We have included lightness-order-error (LOE) and quality estimation technique proposed in [21] for objective evaluation of the proposed enhancement technique. LOE is proposed in [25], where smaller value of LOE shows better preservation of lightness order and natural pleasing appearance. The box plot of LOE values of all 100 images is displayed in Fig. 12 for all the techniques used in comparison along with the proposed technique. The average LOE values for these techniques are presented in Table 3. It is clearly seen from Fig. 12 that the proposed technique mostly maintains lower LOE value as compared to all other techniques for all 100 images. In this figure, maximum, median and minimum value (LOE value) of the proposed technique in the box plot is lower than the other techniques. We also observe from Table 3 that the proposed technique has obtained the lowest average LOE value as compared to all other techniques. This in turn shows that the proposed technique preserves lightness order better as compared to other existing techniques.

Table 3 Average LOE value for different techniques

Table 4 shows average illumination-based image quality of final enhanced images (\(Q_{FEI}\)) obtained after enhancement of all 100 images of the database. It is clear from Table 4 that the images enhanced by the proposed technique possess higher image quality score as compared to other enhancement techniques. It indicates that the proposed technique has enhanced images with non-uniform illumination in a better way as compared to other existing state-of-the-art techniques.

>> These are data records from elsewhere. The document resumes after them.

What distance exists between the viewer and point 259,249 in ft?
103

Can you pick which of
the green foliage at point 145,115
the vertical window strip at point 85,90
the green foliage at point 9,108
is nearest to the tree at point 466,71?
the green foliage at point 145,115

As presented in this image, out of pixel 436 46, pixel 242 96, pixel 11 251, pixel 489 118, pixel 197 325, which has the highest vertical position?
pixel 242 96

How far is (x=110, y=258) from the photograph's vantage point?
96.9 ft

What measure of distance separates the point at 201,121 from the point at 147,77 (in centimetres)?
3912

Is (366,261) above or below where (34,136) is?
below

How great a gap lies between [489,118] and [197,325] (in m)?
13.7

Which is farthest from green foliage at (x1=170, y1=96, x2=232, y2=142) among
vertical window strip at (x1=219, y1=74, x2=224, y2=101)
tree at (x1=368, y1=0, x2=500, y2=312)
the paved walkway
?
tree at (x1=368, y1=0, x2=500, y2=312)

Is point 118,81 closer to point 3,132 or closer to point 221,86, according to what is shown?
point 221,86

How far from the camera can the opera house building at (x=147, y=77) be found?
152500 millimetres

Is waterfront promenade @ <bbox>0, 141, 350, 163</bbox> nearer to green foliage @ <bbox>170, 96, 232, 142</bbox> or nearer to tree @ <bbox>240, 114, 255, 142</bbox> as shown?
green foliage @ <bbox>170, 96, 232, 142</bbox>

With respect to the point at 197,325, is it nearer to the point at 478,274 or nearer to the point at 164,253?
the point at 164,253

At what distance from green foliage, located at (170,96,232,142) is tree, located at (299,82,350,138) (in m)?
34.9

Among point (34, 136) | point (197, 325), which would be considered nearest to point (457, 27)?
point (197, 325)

Table 4 Average quality value of enhanced images for different techniques

It should be noted that usually a natural image contains a balanced mixture of intensities and does not contain too bright or too dark regions. However, if any such region (too much or too less illuminated region) is naturally the part of the image, the proposed technique would treat it as badly illuminated region. This is the limitation of the proposed technique.

5 Conclusion

Most of the retinex theory-based image enhancement techniques remove illumination and consider only reflectance component of the image while producing the final enhanced image. However, it is observed that naturalness of an image cannot be preserved without illumination. In this paper, we have proposed an image enhancement technique which enhances details of an image by keeping good illumination present in the image intact. For images with poor illumination, the proposed technique has inserted required amount of brightness in non-uniform and low lighting regions of the image to get pleasing perceptual quality and to maintain naturalness in the image. This paper has two major contributions. First, it has proposed a bad illumination pass filter (BIPF) to isolate badly illuminated areas in an image. Second, it has proposed an adaptive logarithm transformation based on estimated image quality to insert required brightness in the image. The proposed technique has preserved natural image appearance in a better way and has produced enhanced images with superior perceptual quality as compared to number of state-of-the-art techniques.